Recently President Trump promised to send 1,000 more US troops to Poland on a rotational base, increasing this number to a total of approximately 6,000 by now. Though Warsaw’s request for permanent US military base in Poland fell on deaf ears in Washington, Moscow is cautiously paying attention to the development. The announcement of deployment comes after Poland’s recent purchase of 32 fifth generation fighter jets (F-35 Lightning).

Following Russia’s annexation of the Crimea, NATO has agreed to increase US military presence in Eastern Europe. The additional US troops in Poland is part of that compromise.

How does Russia feel about it? Not well. It clearly notices the process of being isolated from the world. Indeed, it’s a deliberate isolation by the West.
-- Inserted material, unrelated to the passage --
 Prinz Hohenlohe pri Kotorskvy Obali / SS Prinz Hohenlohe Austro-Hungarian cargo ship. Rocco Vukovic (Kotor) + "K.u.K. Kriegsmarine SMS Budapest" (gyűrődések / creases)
After the fall of the USSR, Russia had two strategic goals, the first one openly, the second one silently agreed by the West:

First, to become friendly, and in a way, be part of the western community, accepting and implementing certain values, previously unheard of in the USSR or in Tsarist Russia.

Second, dominate the former USSR member states, or at least be their leader.

If the above goals were achieved, Russia today would be an all-Eurasian power player.  

Today it is clear that none of the above goals were reached. The relation with the West has significantly deteriorated, compared to the mid-90s. Moscow is facing economic sanctions. Russian military expenditures are exceeded today by countries such as France or Saudi Arabia and more than four times by China.[1] US-Russian relationships are in the low again. The country lost its dominant status and even its sphere of influence among the former USSR members; some of them in Central Asia are stationing US troops on their soil and receiving US military aid, not to talk about the Baltics being in NATO and the latest vanishing ally being Belarus.

Russia is in an existential crisis and it is possible that there are no realistic goals in the mind of Russian leadership. Moscow is trying to maintain support from its citizens, living in meagre conditions by western standards, by flexing some muscles. Glories in South Ossetia, Abkhazia or Transnistria establish domestic support. They become the new “sphere of influence” of the once mighty Russia/USSR. The Crimean mission was clearly a desperate cling to maintain somehow the not-long-ago lost influence in Ukraine. Meanwhile and as a result, the West is building a new wall to isolate the bear.

1,000 more US troops are just some more iron bars in the cage of the bear.